- Born: Leland P. Cowan Salt Lake City, Utah, U.S.
- Education: University of Washington
- Occupation: Television journalist
- Notable credit(s): NBC Nightly News reporter (2007–2011) CBS Evening News reporter (1996–2006, 2011-present) WWMT anchor (1995–1996)

= Lee Cowan =

American television reporter, correspondent

Leland P. Cowan is a CBS News National Correspondent for the CBS Evening News, and is a substitute anchor for CBS Sunday Morning.

==Biography==
Cowan was born and raised in Salt Lake City, Utah, a son of Leland B. Cowan, a surgical and radiation oncologist, and Constance W. Cowan. He is a 1988 graduate of the University of Washington with a double major in communications and speech communications. He is married to Molly Palmer, a television associate producer and daughter of television news correspondent John Palmer and writer Nancy Doyle Palmer. They live in Santa Monica and have two sons.

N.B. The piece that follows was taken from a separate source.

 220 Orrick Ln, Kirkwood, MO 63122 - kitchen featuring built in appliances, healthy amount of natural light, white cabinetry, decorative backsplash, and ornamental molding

Cowan was a frequent correspondent for NBC Nightly News with Brian Williams. Prior to joining NBC News, he was a reporter for CBS News in the CBS NEWSPATH division. He previously worked for NBC affiliate WLWT in Cincinnati, CBS affiliate WWMT in Kalamazoo, Michigan, KCOY in Santa Maria, California and KIEM in Eureka, California.